## Exercise aim
Quote the data below in full, minus the images.

## Dataset excerpt
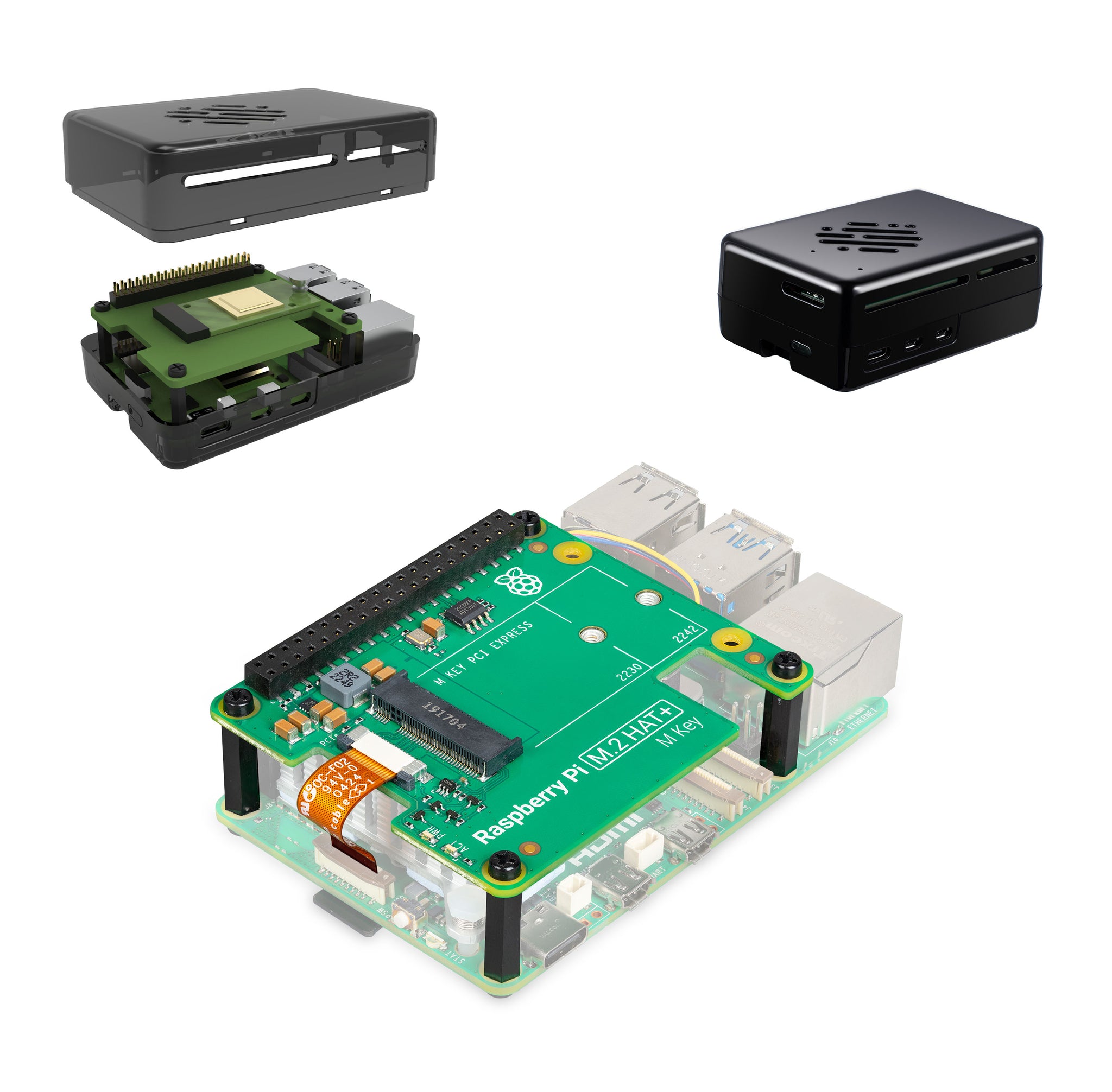 Raspberry Pi M.2 HAT+ (For Raspberry Pi 5) – Vilros.com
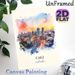 Cali Colombia Cityscape Painting Poster, Soft Watercolor Vibrant Sunset Urban Skyline Poster, Charming Urban Scenery Ideal For Home And Office Wall_maomaolike.com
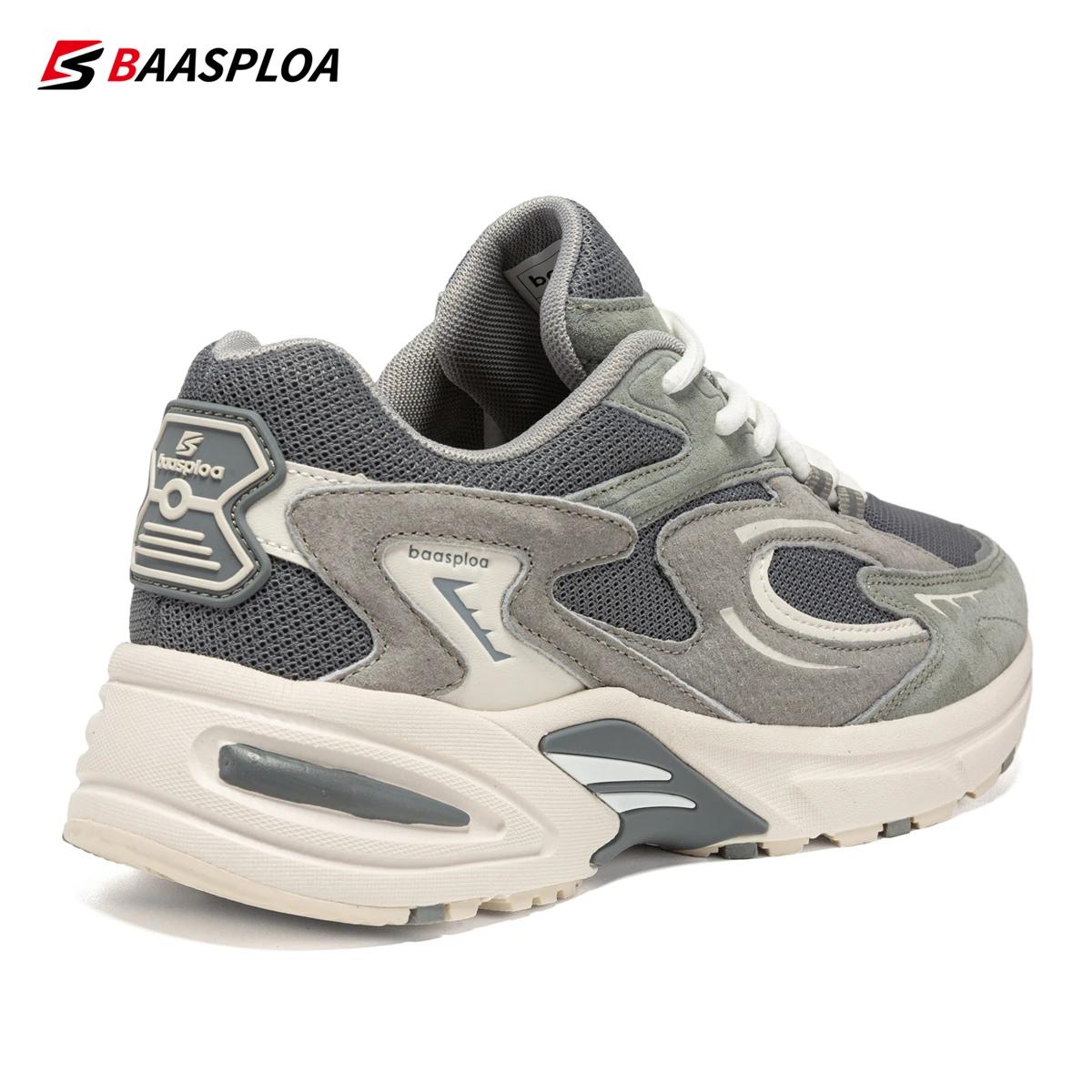Chaussures de course légères Baasploa pour hommes - Maille respirante pour sport et marche décontractée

## Expected output
 Raspberry Pi M.2 HAT+ (For Raspberry Pi 5) – Vilros.com
 Cali Colombia Cityscape Painting Poster, Soft Watercolor Vibrant Sunset Urban Skyline Poster, Charming Urban Scenery Ideal For Home And Office Wall_maomaolike.com
Chaussures de course légères Baasploa pour hommes - Maille respirante pour sport et marche décontractée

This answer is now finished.